High growth companies are unlikely to be able to achieve their full potential without the right people at the helm driving growth. Building the right team is about bringing together the best possible mix of people and skills for the business at that stage of its development, as well as making sure that each individual is in the role to which they are most suited. Achieving the right balance will increase value for the business and its shareholders. Investors will look closely at the make-up of the senior team and how their collective skills complement one another, to assess whether they can adapt and persevere through the inevitable highs and lows of their company’s development.

Board composition will evolve over time and founders/CEOs should give thought to who should join their board and at what stage. Earlier in the growth journey, boards are more likely to be controlled by the founder however as businesses scale and raise investment, the size of the board is likely to increase, and the founder’s influence reduce. While it is common that the lead investor of each funding round will require a board seat as part of their terms of investment, further appointments should be allocated based on how much value the person will bring (e.g. to individuals with particular skill-sets or sector expertise). Having too many board members can be cumbersome, slow decision making and stifle growth.
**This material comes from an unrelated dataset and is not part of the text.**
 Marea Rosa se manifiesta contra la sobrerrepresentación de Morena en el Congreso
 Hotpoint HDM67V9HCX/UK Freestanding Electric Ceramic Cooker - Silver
Investors will look for strong leadership, a robust finance function and effective governance. The CEO as leader of the organisation is crucial, they must have a clear plan and the ability to motivate and inspire their team. CEOs with a proven track record or who have successfully grown and exited a business in the past are often looked upon favourably. Every business is expected to have accurate financial information and a finance function that is appropriate for their stage of development (although it is likely that this will be supplemented post-investment and as the business scales). Companies with reliable financial information will stand a better chance of securing investment than those whose information is out of date or inaccurate. The role of Chair becomes increasingly important as companies grow, providing a link between management team and investors, managing expectations and ensuring alignment. The Chair can add further value by acting as a sounding board for the CEO, ensuring proper governance is implemented and scrutinising strategy. 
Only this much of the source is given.